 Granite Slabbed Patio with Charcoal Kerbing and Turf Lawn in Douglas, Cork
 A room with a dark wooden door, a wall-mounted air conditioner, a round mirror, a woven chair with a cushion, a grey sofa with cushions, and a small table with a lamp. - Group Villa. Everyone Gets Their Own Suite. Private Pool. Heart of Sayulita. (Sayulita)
--- --- ---
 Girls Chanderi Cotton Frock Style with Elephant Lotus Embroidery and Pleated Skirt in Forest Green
--- --- ---
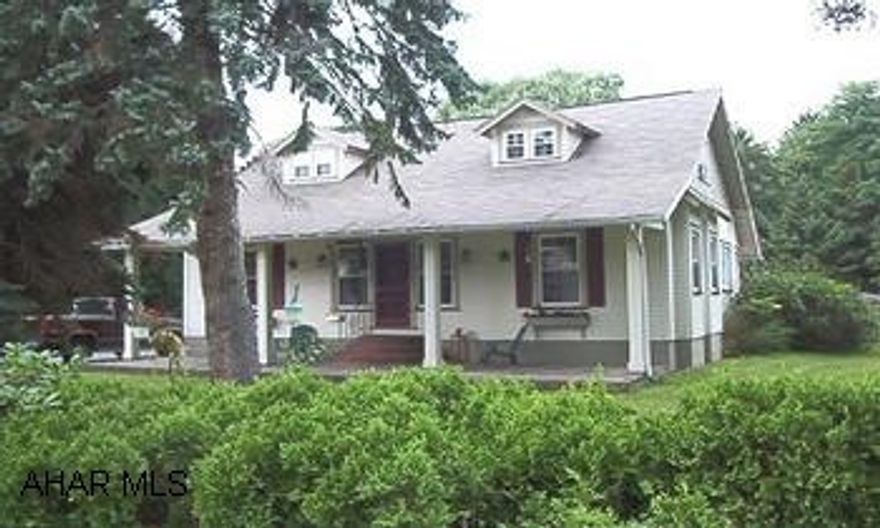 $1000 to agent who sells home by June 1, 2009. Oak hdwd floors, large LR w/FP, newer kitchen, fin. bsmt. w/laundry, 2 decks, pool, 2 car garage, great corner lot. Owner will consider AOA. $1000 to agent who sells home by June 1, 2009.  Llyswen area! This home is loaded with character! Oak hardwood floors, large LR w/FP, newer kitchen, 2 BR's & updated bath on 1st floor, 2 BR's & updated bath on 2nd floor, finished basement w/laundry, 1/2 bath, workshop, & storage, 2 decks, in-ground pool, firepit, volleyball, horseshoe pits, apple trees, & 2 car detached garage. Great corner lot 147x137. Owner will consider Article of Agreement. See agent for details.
--- --- ---
Above are the records; from them, give again exactly the lines from the one containing "Granite Slabbed Patio" to the one containing "A room with", both lines included, and nothing more.

 Granite Slabbed Patio with Charcoal Kerbing and Turf Lawn in Douglas, Cork
 A room with a dark wooden door, a wall-mounted air conditioner, a round mirror, a woven chair with a cushion, a grey sofa with cushions, and a small table with a lamp. - Group Villa. Everyone Gets Their Own Suite. Private Pool. Heart of Sayulita. (Sayulita)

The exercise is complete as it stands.